In one of the darkest hours of World War II, Winston Churchill led Great Britain with great, uncompromising courage. In the midst of battle, he said, “Death and sorrow will be the companions of our journey, hardship our garment; constancy our valor and our only shield. We must be united, we must be undaunted, we must be inflexible.”
One of the marks of being a Christian ought to be courageous faith. It is a faith that is bold and goes against human logic in various seasons of our life. That’s what we read about in today’s account.
Mordecai reacts with great emotion when he hears that the personal conflict between himself and Haman has brought the entire Jewish nation into jeopardy. He tears his clothes and puts on sackcloth and ashes in an act of deep mourning and distress. After Esther finds out about this evil plan, she only has a small window of time to make a decision. She decides to act in confidence and determination and take a step of courageous faith to save the Jewish people. Here’s what pastor and author Eugene Peterson says about this account:
“In the face of difficulty, Esther began to move from being a beauty queen to becoming a Jewish saint, from being a sex symbol to being a passionate intercessor, from the busy-indolent life in the harem to the high-risk venture of speaking for and identifying with God’s people.”

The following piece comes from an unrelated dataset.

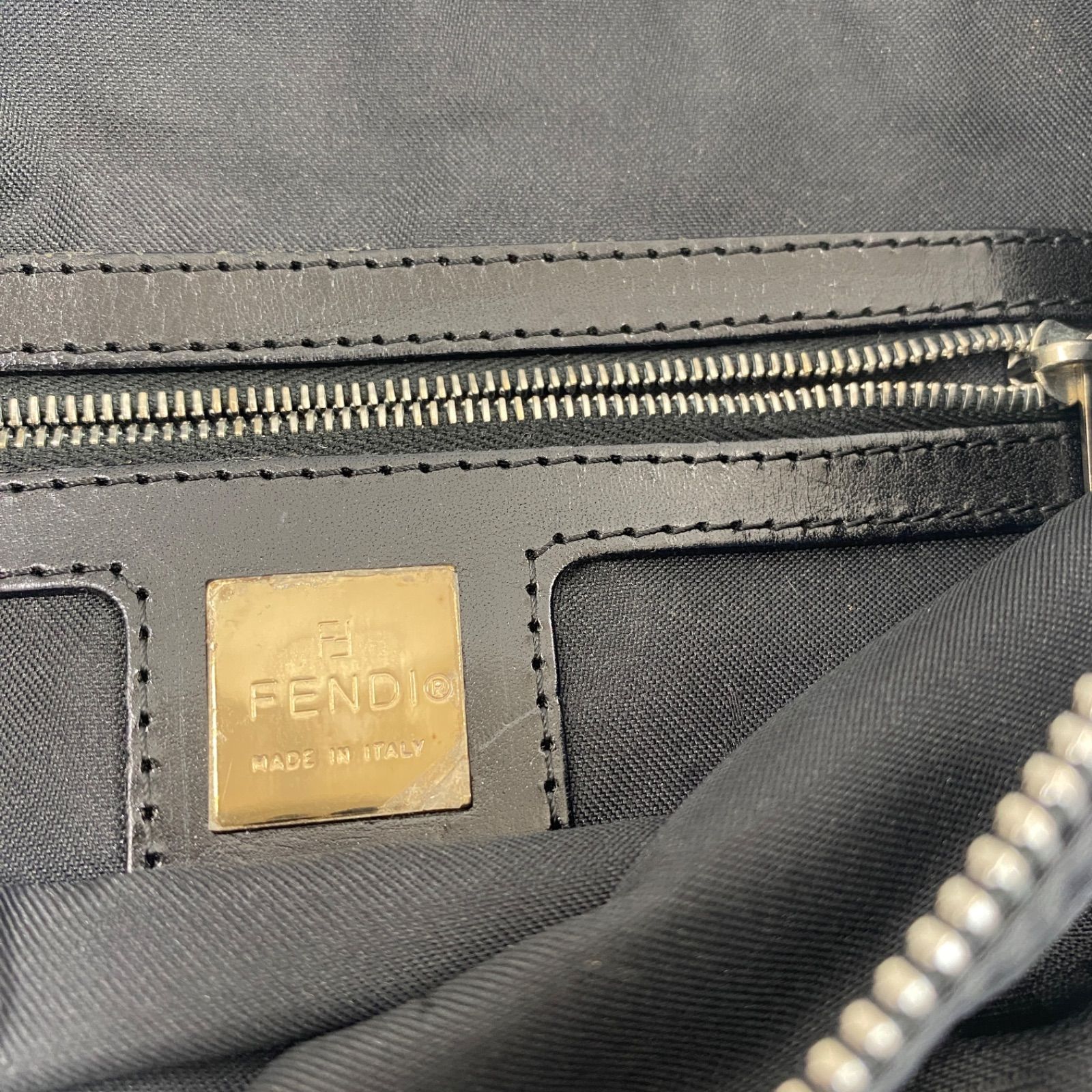 FENDI アクセサリーポーチ ミニ ズッカ柄 キャンバス レザー 黒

Is God calling you to live out your faith courageously? It could be speaking up for Christ in your workplace or taking a step of faith in the area of your finances. Maybe God is asking you to go somewhere to share Christ. God may be preparing you “for such a time as this” to step out in boldness and faith.
Prayer: Lord, help me to live each day with courageous faith. Show me the areas of my life where you are calling me to leave my comfort zone.

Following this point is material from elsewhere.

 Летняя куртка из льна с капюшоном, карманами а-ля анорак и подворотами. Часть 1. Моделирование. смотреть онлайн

Bible Reading for Today: John 4
Lunch Break Study
 Immediately he made the disciples get into the boat and go before him to the other side, while he dismissed the crowds.  And after he had dismissed the crowds, he went up on the mountain by himself to pray. When evening came, he was there alone,  but the boat by this time was a long way from the land, beaten by the waves, for the wind was against them.  And in the fourth watch of the night he came to them, walking on the sea.  But when the disciples saw him walking on the sea, they were terrified, and said, “It is a ghost!” and they cried out in fear.  But immediately Jesus spoke to them, saying, “Take heart; it is I. Do not be afraid.”
 And Peter answered him, “Lord, if it is you, command me to come to you on the water.”  He said, “Come.” So Peter got out of the boat and walked on the water and came to Jesus.  But when he saw the wind, he was afraid, and beginning to sink he cried out, “Lord, save me.”  Jesus immediately reached out his hand and took hold of him, saying to him, “O you of little faith, why did you doubt?”  And when they got into the boat, the wind ceased.  And those in the boat worshiped him, saying, “Truly you are the Son of God.”
Questions to Consider
- What was the reaction of the disciples when they saw Jesus?
- How does fear often hinder us from living by great faith?
- What does the passage say about overcoming our fears?
- They were terrified and responded in fear (v.26).
- When we live in fear, it distorts the power and character of Jesus in our lives. We often make Him too small, which hinders us from living by faith and not by sight.
- The disciples worshiped the Lord after they acknowledged His power and greatness (v.33). Our worship of Christ will often increase our faith and overcome our fears.
Take some time in personal worship through prayer, song, or the Word. Meditate on the promises and truths of God. As you do, ask Him to give you courageous faith.